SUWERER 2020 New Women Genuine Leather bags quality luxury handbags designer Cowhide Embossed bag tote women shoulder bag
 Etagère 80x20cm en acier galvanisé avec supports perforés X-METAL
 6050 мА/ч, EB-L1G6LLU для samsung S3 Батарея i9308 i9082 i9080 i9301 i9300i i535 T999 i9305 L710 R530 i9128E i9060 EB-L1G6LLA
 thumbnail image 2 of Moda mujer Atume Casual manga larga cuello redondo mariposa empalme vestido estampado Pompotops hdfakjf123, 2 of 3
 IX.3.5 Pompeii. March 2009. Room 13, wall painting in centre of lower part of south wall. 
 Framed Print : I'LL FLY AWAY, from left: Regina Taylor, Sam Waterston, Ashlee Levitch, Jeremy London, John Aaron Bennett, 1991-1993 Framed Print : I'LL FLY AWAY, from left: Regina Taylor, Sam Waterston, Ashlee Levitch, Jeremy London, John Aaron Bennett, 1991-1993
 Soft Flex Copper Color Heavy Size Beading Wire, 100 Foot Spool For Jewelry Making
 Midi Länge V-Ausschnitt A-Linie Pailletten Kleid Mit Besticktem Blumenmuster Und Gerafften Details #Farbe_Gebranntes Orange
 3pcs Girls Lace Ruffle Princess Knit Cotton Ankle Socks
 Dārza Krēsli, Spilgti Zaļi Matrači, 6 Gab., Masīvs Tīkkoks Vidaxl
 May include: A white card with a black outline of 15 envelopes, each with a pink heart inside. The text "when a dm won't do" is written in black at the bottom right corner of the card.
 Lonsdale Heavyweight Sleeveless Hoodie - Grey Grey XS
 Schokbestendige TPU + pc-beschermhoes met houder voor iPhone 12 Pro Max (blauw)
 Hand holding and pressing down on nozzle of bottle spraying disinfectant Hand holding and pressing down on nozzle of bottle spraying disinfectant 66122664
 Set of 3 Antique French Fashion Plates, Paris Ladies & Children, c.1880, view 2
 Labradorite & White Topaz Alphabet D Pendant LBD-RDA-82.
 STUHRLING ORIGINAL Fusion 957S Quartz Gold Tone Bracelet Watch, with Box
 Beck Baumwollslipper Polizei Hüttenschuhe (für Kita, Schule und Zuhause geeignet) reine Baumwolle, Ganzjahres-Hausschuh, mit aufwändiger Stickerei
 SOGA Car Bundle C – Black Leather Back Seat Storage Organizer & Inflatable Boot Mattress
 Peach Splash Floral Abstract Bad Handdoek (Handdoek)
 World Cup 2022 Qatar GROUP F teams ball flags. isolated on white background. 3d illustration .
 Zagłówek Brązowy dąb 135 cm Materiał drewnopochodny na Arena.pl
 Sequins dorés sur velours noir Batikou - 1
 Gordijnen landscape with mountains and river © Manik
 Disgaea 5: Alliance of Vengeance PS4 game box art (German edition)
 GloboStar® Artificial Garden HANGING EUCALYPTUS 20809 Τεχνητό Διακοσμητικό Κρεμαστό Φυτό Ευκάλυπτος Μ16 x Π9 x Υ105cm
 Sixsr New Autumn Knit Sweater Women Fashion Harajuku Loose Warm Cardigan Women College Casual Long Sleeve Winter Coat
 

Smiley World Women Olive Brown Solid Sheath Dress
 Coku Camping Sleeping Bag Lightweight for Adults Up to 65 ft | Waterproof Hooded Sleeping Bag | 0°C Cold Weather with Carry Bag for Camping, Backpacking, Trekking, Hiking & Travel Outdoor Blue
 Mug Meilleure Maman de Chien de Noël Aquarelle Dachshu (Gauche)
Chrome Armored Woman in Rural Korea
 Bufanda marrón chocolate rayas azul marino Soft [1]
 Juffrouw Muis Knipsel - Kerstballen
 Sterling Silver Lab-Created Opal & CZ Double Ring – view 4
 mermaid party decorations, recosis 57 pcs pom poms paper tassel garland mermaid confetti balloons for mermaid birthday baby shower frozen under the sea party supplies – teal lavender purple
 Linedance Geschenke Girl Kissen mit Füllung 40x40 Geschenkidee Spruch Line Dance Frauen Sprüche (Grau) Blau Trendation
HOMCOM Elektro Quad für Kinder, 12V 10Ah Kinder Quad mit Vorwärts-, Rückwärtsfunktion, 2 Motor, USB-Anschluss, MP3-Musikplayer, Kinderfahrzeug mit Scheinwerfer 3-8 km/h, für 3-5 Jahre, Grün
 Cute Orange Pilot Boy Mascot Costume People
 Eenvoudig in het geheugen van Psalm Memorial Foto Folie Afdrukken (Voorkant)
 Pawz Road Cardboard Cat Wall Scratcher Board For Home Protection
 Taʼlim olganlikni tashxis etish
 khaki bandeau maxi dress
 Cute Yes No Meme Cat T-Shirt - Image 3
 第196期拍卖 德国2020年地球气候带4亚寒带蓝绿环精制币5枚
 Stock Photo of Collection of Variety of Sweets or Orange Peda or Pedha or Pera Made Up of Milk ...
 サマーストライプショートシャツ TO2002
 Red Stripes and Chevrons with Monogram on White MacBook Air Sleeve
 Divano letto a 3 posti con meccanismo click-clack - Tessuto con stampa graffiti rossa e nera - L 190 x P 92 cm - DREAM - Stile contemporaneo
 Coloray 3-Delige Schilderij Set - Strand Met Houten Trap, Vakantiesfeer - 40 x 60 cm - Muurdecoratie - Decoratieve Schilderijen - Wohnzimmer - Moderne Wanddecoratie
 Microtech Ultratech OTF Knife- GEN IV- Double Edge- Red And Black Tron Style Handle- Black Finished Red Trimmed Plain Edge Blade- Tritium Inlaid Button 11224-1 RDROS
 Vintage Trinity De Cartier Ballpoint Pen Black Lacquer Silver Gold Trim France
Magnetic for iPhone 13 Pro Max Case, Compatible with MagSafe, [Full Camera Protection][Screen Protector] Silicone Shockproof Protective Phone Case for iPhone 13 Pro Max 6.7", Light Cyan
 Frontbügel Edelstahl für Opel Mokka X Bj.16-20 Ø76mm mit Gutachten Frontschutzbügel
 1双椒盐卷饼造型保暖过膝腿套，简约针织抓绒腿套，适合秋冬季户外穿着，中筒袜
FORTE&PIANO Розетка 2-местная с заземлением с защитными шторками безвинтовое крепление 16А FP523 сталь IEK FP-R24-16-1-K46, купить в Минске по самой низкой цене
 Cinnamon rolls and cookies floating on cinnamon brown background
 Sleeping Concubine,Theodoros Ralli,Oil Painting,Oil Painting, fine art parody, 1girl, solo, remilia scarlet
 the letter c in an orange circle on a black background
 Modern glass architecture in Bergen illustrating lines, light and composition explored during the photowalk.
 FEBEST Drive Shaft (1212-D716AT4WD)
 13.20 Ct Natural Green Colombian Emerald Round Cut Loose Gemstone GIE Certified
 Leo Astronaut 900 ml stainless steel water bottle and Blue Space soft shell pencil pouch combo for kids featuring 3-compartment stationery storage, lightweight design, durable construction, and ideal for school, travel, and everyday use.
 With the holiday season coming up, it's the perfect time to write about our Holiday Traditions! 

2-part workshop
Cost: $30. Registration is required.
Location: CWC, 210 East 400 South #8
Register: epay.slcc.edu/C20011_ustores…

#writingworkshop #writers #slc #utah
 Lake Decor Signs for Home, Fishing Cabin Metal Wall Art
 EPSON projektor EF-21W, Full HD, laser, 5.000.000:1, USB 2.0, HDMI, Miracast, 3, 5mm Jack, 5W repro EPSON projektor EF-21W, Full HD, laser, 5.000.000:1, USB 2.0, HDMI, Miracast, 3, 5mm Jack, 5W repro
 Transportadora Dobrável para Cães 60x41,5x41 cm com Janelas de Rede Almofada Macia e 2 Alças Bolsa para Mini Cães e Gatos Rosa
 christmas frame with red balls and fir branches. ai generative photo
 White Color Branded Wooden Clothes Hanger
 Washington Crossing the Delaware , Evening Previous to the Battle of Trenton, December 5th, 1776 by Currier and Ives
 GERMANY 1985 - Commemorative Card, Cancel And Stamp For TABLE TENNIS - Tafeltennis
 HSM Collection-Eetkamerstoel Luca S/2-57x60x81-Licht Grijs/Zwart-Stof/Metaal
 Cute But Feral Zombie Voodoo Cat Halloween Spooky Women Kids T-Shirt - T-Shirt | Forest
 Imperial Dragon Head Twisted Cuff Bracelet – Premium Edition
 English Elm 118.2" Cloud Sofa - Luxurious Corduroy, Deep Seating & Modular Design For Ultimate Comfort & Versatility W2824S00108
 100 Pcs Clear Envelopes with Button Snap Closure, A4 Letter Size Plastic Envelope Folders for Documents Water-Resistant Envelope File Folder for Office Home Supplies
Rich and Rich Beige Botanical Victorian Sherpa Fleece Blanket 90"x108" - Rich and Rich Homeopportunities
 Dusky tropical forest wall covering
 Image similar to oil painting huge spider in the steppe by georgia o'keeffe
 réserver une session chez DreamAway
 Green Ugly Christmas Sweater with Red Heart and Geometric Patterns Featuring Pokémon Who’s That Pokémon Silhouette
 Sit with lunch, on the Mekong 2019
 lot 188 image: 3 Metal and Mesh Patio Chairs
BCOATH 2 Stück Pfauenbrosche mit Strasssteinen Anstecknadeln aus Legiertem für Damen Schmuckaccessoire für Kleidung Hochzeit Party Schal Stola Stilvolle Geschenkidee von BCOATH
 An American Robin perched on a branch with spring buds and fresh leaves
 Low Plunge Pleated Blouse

- _Assigned task_: Set down exactly the lines of the data above, beginning with the line that has "spraying disinfectant 66122664" and ending with the line that has "Labradorite & White", and no others.

- _Output_:
 Hand holding and pressing down on nozzle of bottle spraying disinfectant Hand holding and pressing down on nozzle of bottle spraying disinfectant 66122664
 Set of 3 Antique French Fashion Plates, Paris Ladies & Children, c.1880, view 2
 Labradorite & White Topaz Alphabet D Pendant LBD-RDA-82.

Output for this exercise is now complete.